The B.C. Teachers' Federation says it members have voted 98 per cent in favour of ratifying a deal recently reached with the province to restore contract language from a previous agreement that called for smaller class sizes.
The ratification marks the end of a 15-year-battle with the province over bargaining rights.
Details of the deal have been released.
Union president Glen Hansman described the vote's results as "bittersweet," adding that school districts will begin hiring staff over the next months to be in place for the fall.
"We're happy to be at the end," Hansman said. "We're happy to be able to turn the chapter and begin the process of working with school districts to do all the school organizing for September 2017, and all the hiring that has to happen."

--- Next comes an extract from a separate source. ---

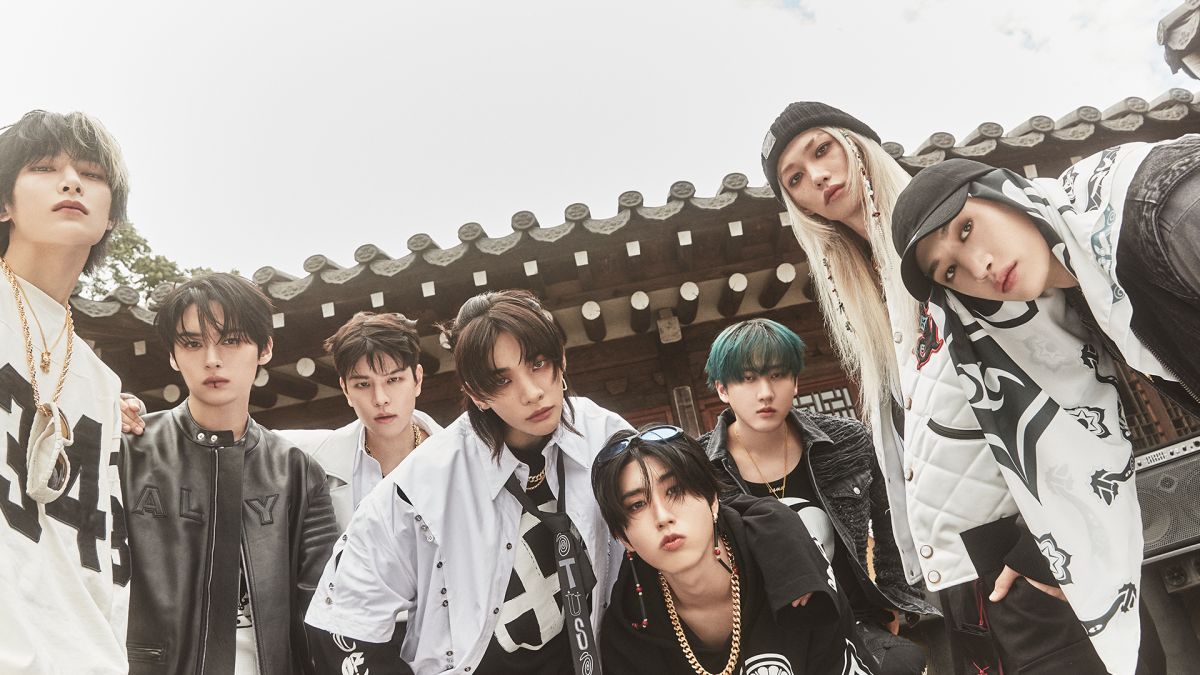 Stray Kids.jpg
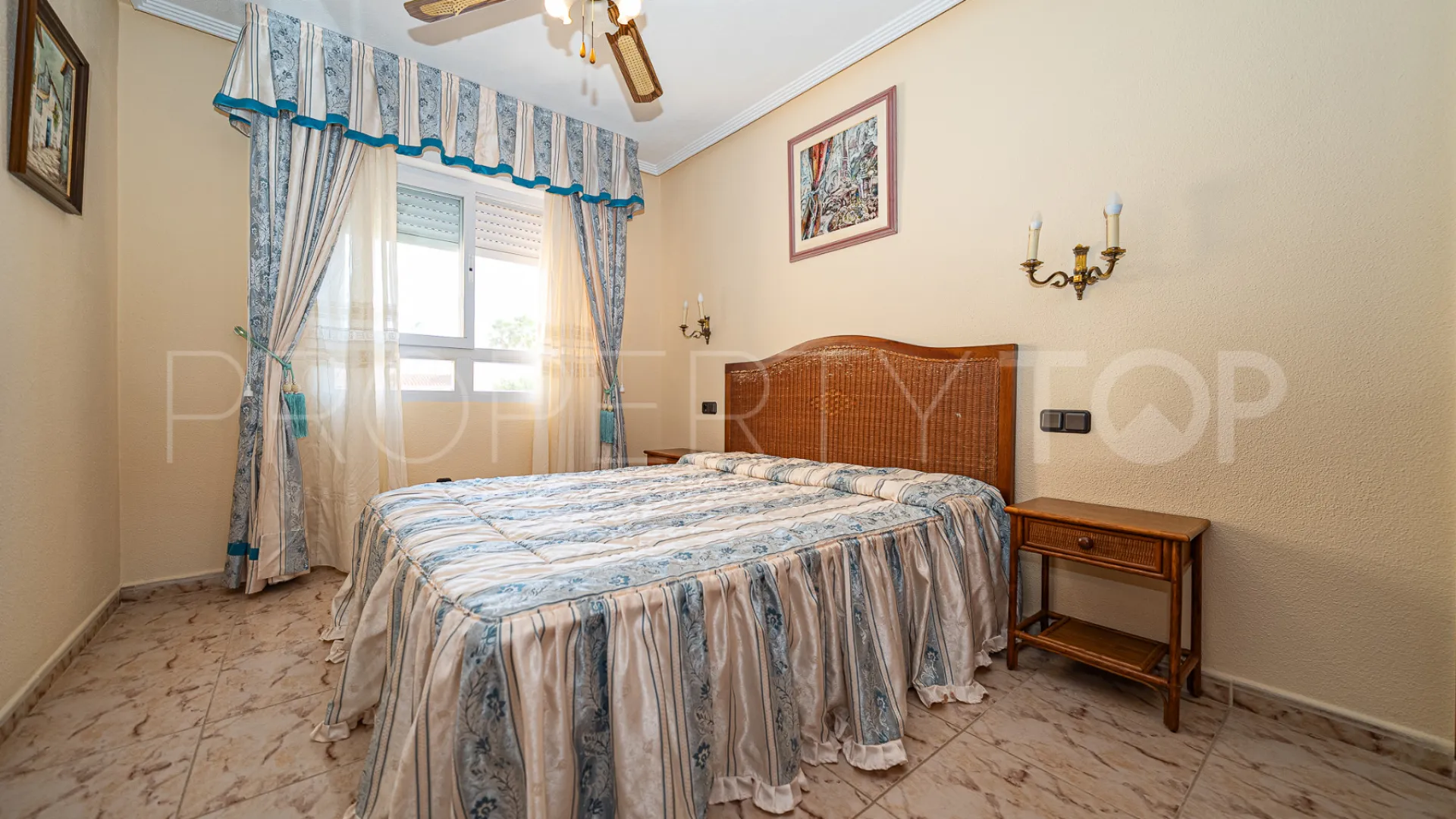 Se vende villa de 4 dormitorios en El Chaparral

But he added, "you can't help but think about all the students that have gone without ... all the teachers we've had that have left the system because the working conditions were more than anyone should have to deal with.
"And that's a shame because it never needed to happen."

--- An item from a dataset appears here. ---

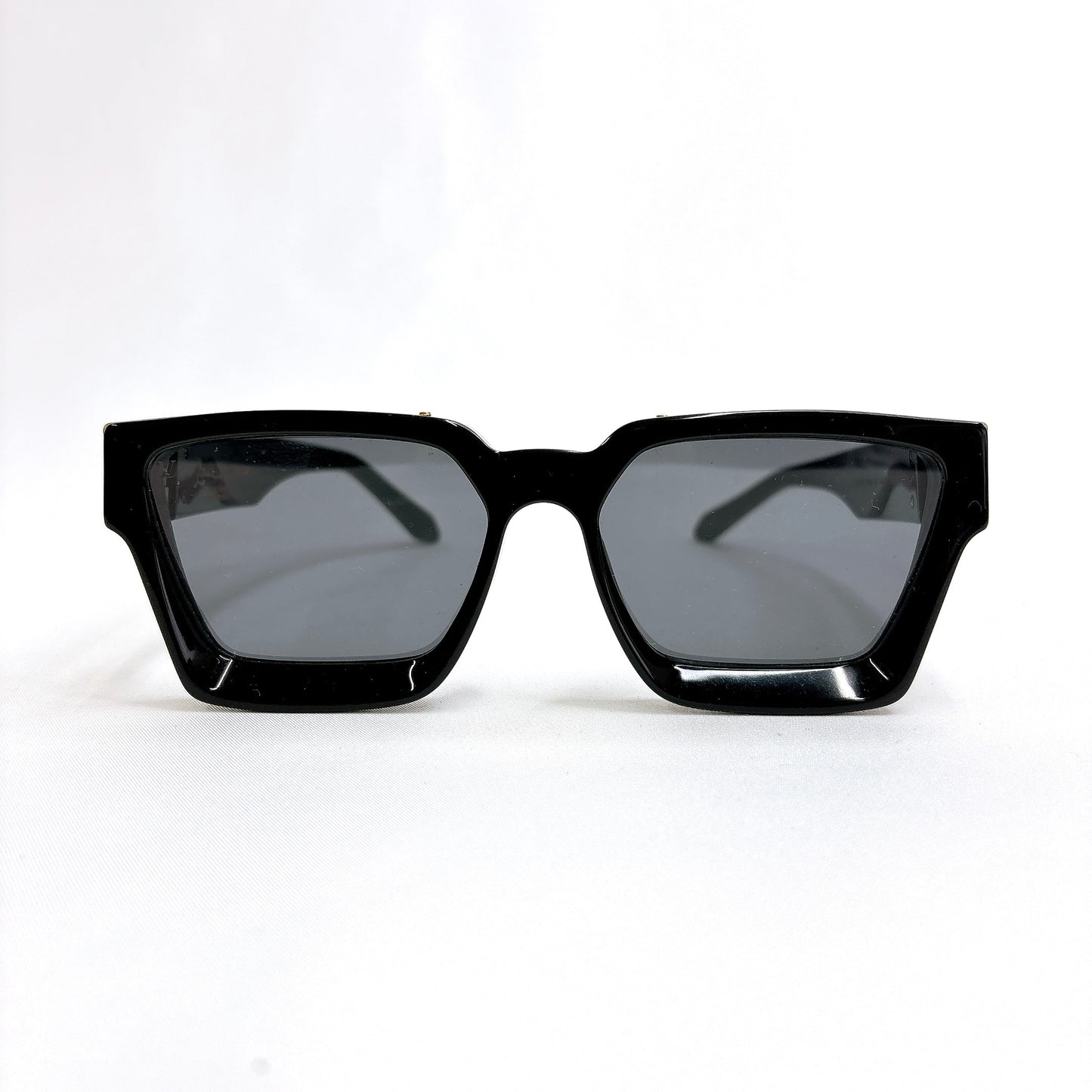 B1372 ルイヴィトン サングラス 1.1 ミリオネア Z1165W 93L 55□17 146 ケース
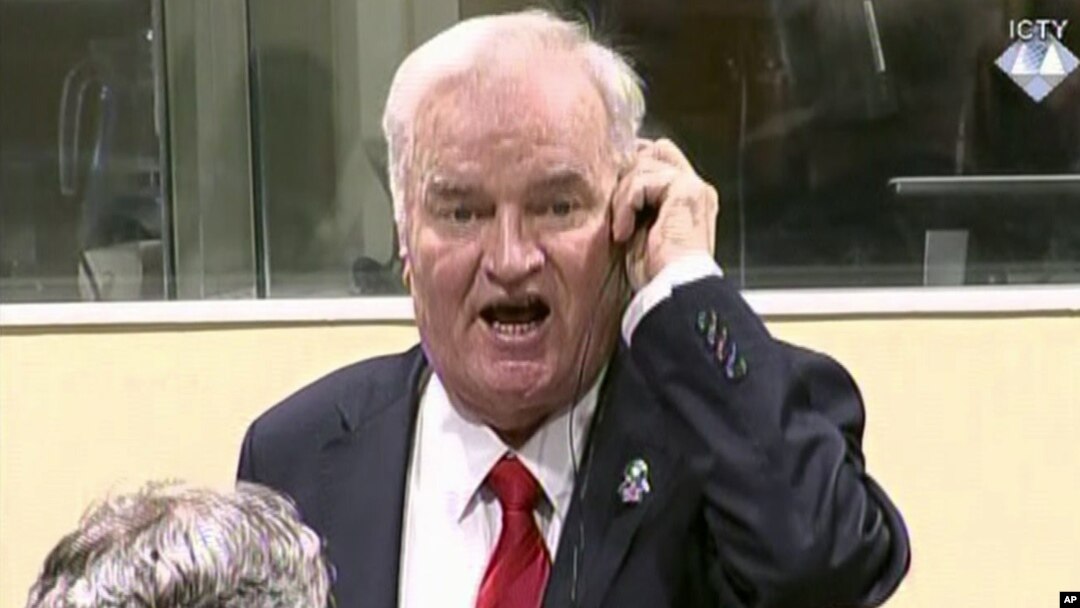 Mantan panglima militer Serbia Ratko Mladic berteriak-teriak marah saat dinyatakan bersalah atas kejahatan genosida hari Rabu (22/11).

The restored language means schools, students and teachers will see significant improvements in class sizes, better support for children with special needs and access to specialist teachers by fall, Hansman said.
"The next three months are going to be a frenzy of hiring," Hansman said.
Supreme Court ruling
The announcement comes roughly four months after the Supreme Court ruled that a provincially-imposed law blocking teachers' ability to bargain class sizes was unconstitutional.
The decision ended a lengthy legal battle over bargaining rights that started when the province imposed legislation that blocked discussions on issues including class size in 2002.
The ruling restored language to a previous agreement. Last weekend, the union reached a tentative deal with the province.
In January, the province announced it would provide $50 million to hire 1,100 new teachers as an interim measure while negotiations over the agreement continued.
B.C. Education Minister Mike Bernier said in a news release Friday evening that he was pleased teachers ratified the deal, adding it will reduce workloads and bring new staff into the school system.
Hansman said 21,156 teachers cast votes, or just over 50 per cent of B.C. teachers.